Mainstream Media? Really?
This usage is probably not in the dictionary because, like most mainstream publishers and mainstream media, they don't like to look at the truth of themselves in their inner core.
And yet when I Google on "Clintonistas using Stalinist tactics to silence ABC", on http://www.newswithviews.com/Kouri/jim74.htm I find that it was written by Jim Kouri. The site certainly looks like a right-wing neo-conservative historical-revisionist "Christians being persecuted"-fraud-spreading site. Hardly "mainstream".
The one on ECUSA bishops doesn't identify the author, but it's apparently concerning infighting with the Anglican and Espicopal churches.
The one on UK PM Gordon Brown is at http://www.telegraph.co.uk/...used-of-Stalinist-tactics.html and about the only information supporting the title is in the first paragraph:
quote:
Gordon Brown has been accused of a Stalinist re-writing of history after his official review of the year glossed over recent political disasters.
And it's apparently the Labour Party voicing their opposition to the PM. And it refers directly to re-writing history which was one of many things that Stalin, a paranoid, did -- all the photographic retouching needed to remove purged Party members kept the artists very busy.
Now, you've been asked this before and I haven't noticed your answer, so here it is yet again: Do you even know what "Stalinist tactics" means? Please tell us what it means.

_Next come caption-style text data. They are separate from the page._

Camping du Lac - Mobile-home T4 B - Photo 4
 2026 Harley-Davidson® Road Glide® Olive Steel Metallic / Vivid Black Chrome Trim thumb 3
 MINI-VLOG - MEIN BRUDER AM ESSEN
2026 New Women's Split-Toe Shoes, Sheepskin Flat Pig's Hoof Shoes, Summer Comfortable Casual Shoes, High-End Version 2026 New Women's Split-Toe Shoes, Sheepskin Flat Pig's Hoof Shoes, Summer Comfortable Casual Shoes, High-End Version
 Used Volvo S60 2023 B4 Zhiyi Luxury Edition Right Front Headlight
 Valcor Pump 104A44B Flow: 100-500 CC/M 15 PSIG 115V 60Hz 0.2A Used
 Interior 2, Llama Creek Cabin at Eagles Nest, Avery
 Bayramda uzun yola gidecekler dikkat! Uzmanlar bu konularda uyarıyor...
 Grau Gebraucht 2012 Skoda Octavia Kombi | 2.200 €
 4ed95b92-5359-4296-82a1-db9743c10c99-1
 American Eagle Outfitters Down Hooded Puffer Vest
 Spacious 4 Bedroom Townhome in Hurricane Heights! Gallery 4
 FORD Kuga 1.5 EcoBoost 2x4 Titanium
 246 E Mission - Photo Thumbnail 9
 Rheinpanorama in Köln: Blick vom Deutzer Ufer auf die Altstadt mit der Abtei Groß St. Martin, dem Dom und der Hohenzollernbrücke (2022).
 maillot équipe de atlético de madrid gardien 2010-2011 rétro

To label how they treat contrarian viewpoints as stalinist would be to acknowledge how censorious and authoritarian they are when it comes to everyone believing what they believe to be true.
Well, that most certainly does describe the right-wing media contributors like your Jim Kouri.
Oh, and in case you haven't caught on to it yet, your examples do not support your point.
{ABE -- not to be confused with "Anybody But England", which I heard was the best selling t-shirt in Scotland during the most recent World Cup}
PS
Just where did all this talk of "Stalinist tactics" come from anyway?
Quick search and it started in Message 32 by ... {drum roll, please} ... foreveryoung:
foreveryoung writes:
It is stalinist to declare a person useless or even worse a danger to society because he fails to believe in what all the "educated" people believe in.
Well then, since you are the one to introduce that slur into this topic, then you should be quite able and ready to provide what you mean by it!
If you already have, then please point us to the pertinent message and quote the pertinent part from that pertinent message. If you still have not, then why not?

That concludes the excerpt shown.